- TASK DIRECTIONS:
On how many lines of these entries does the word "Foto" occur? State the number alone.

------ RECORDS SUPPLIED ------

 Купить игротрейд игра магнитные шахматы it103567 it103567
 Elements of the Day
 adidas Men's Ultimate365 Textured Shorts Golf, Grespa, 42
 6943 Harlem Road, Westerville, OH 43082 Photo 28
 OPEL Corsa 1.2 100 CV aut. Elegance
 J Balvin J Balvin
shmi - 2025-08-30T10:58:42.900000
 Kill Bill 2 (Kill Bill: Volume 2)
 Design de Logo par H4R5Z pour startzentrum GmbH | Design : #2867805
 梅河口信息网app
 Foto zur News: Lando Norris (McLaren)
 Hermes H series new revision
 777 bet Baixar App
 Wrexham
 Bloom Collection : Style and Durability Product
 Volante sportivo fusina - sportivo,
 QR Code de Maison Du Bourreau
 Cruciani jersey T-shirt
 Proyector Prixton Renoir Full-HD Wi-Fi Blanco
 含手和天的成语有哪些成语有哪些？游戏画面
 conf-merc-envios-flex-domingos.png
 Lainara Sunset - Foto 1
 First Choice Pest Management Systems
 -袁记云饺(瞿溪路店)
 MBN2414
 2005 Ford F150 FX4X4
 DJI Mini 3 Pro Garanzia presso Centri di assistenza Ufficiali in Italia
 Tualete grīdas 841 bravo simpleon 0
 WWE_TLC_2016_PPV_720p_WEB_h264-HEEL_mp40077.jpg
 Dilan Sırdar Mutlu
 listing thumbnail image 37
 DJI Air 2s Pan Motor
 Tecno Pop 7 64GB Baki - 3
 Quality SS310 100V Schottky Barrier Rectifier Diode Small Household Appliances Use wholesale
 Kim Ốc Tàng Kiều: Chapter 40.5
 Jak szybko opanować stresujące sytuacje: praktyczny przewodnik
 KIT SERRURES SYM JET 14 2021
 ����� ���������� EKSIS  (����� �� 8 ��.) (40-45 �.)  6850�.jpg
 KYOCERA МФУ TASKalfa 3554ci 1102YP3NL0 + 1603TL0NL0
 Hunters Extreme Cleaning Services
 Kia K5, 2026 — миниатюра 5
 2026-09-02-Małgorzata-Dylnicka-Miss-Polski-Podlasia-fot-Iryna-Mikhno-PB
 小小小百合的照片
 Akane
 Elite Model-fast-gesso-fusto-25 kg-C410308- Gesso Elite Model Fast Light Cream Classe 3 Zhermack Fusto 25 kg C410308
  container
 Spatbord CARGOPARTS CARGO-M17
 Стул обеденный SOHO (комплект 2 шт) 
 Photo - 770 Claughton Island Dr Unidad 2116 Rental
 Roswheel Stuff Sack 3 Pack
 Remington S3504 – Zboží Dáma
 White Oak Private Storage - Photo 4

------

- ANSWER TO THE PROBLEM:
2